→ **Supplied records**

==============================

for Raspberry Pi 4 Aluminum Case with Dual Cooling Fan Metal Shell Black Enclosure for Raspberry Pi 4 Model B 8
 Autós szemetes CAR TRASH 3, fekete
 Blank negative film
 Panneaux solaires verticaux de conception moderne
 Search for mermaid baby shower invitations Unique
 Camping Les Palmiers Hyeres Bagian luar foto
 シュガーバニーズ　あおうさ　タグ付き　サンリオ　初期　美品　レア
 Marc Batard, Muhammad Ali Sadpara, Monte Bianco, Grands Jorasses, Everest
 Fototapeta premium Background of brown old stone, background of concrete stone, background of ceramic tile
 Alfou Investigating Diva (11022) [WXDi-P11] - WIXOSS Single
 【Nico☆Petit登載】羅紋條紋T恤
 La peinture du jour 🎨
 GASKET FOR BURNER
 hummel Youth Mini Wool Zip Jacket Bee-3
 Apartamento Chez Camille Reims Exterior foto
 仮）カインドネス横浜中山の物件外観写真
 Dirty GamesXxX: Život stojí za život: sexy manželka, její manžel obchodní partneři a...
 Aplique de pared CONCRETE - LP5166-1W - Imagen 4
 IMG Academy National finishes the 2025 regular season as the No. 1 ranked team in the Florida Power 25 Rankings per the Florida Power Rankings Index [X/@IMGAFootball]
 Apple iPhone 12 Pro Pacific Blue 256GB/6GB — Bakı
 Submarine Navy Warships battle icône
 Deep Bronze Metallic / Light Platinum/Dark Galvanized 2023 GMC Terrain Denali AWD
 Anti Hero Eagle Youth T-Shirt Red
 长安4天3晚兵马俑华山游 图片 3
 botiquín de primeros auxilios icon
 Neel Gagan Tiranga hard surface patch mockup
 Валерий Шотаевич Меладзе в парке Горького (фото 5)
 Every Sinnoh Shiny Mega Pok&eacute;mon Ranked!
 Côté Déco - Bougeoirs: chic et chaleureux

==============================

→ **Work to complete**
From the records above, print only the lines between the one holding "La peinture du jour 🎨" and the one holding "Neel Gagan Tiranga hard surface patch mockup", inclusive, exactly as they stand.

→ **Exercise result**
 La peinture du jour 🎨
 GASKET FOR BURNER
 hummel Youth Mini Wool Zip Jacket Bee-3
 Apartamento Chez Camille Reims Exterior foto
 仮）カインドネス横浜中山の物件外観写真
 Dirty GamesXxX: Život stojí za život: sexy manželka, její manžel obchodní partneři a...
 Aplique de pared CONCRETE - LP5166-1W - Imagen 4
 IMG Academy National finishes the 2025 regular season as the No. 1 ranked team in the Florida Power 25 Rankings per the Florida Power Rankings Index [X/@IMGAFootball]
 Apple iPhone 12 Pro Pacific Blue 256GB/6GB — Bakı
 Submarine Navy Warships battle icône
 Deep Bronze Metallic / Light Platinum/Dark Galvanized 2023 GMC Terrain Denali AWD
 Anti Hero Eagle Youth T-Shirt Red
 长安4天3晚兵马俑华山游 图片 3
 botiquín de primeros auxilios icon
 Neel Gagan Tiranga hard surface patch mockup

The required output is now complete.